▸ About this task
The exercise calls for the lines from the one containing "Handmade Silver Tone" to the end of the data below to be output exactly, pictures excluded.
-- Source data follows --
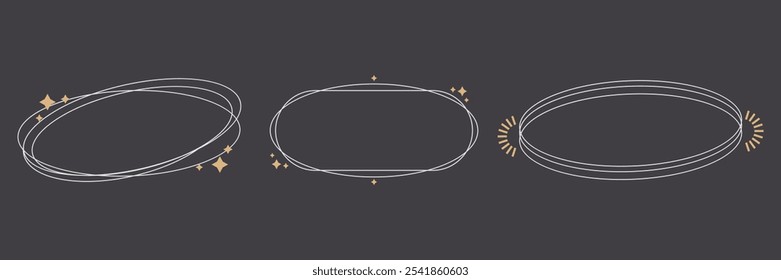 Minimalist Oval Frame Vector Set with Sparkling Accents Perfect for Elegant Borders, Modern Designs, and Decorative Graphic Elements

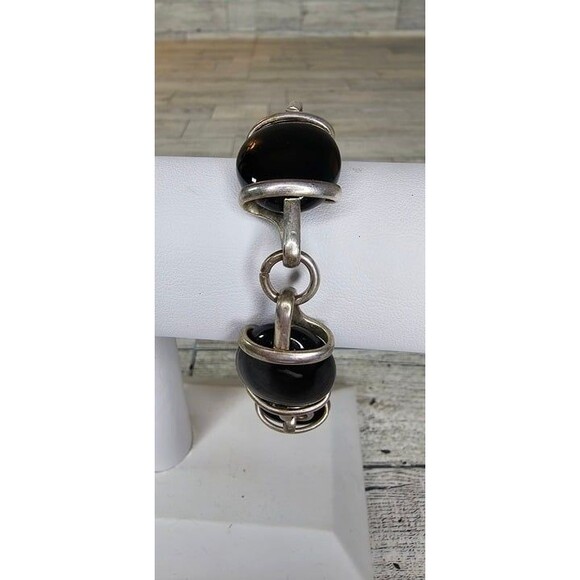 Handmade Silver Tone Square Onyx Black Art Glass Reversible Link Bracelet - Picture 3 of 5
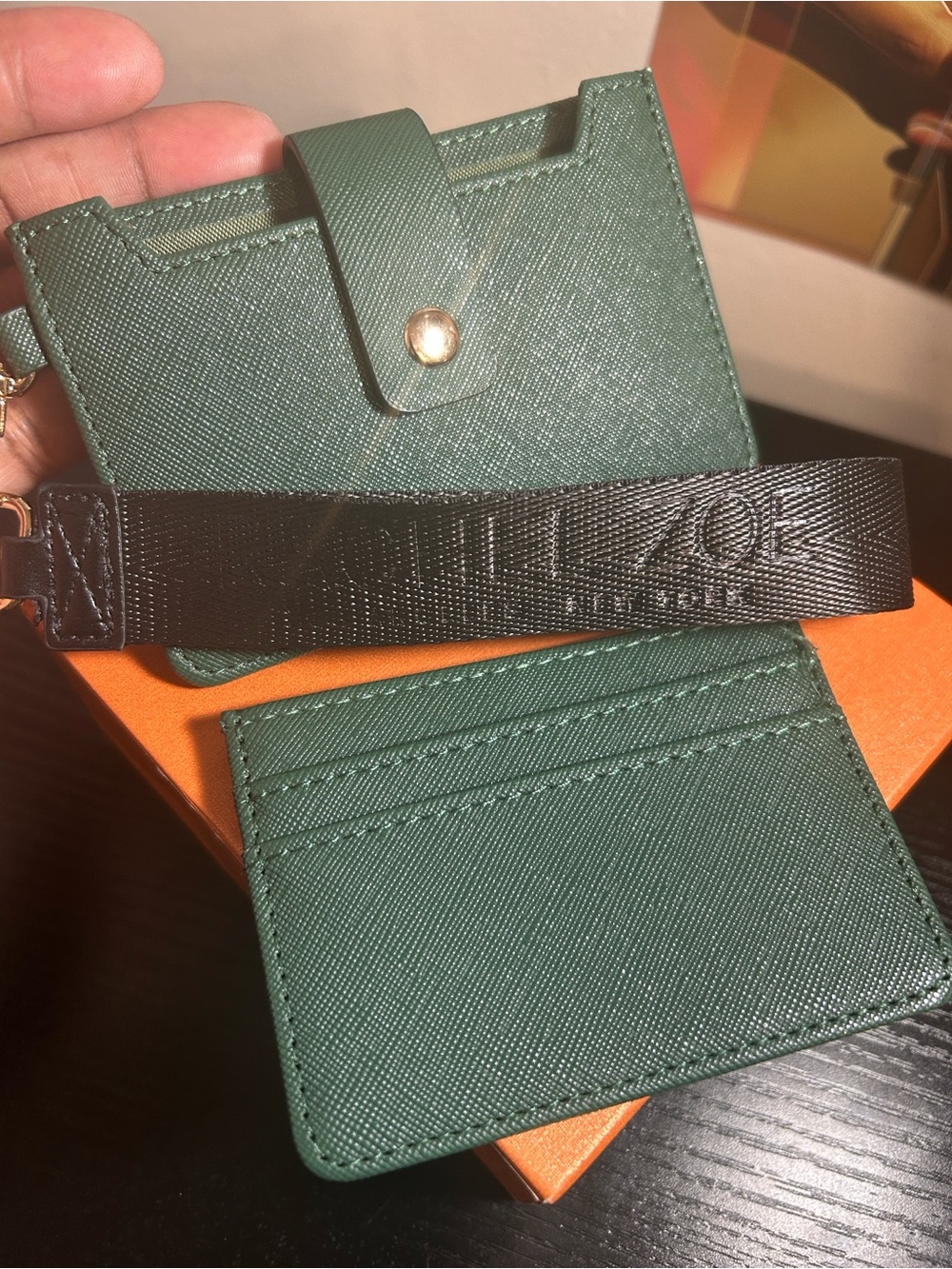 Rachel Zoe Dark Green Saffiano Leather Card Holder Set with Black Strap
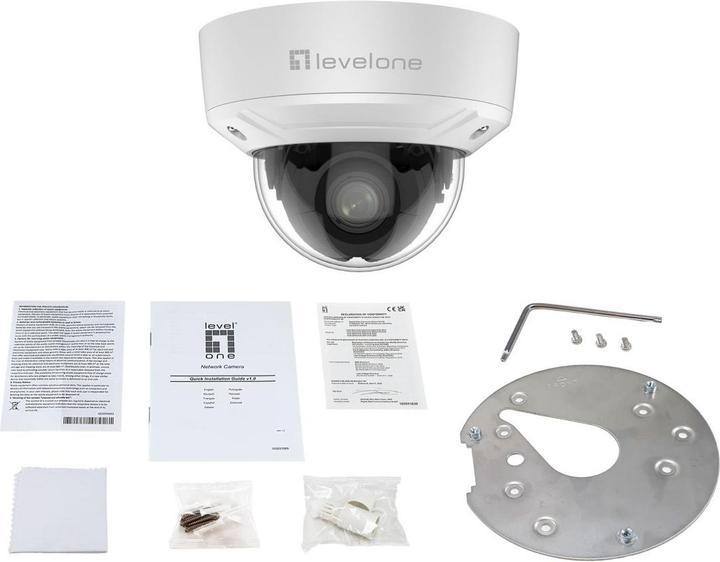 Produktbild LevelOne IPCam FCS-3461 Dome Out 2MP H.265 IR 10W PoE (1920 x 1080 Pixels)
-- Source data concluded --
▸ Task response
 Handmade Silver Tone Square Onyx Black Art Glass Reversible Link Bracelet - Picture 3 of 5
 Rachel Zoe Dark Green Saffiano Leather Card Holder Set with Black Strap
 Produktbild LevelOne IPCam FCS-3461 Dome Out 2MP H.265 IR 10W PoE (1920 x 1080 Pixels)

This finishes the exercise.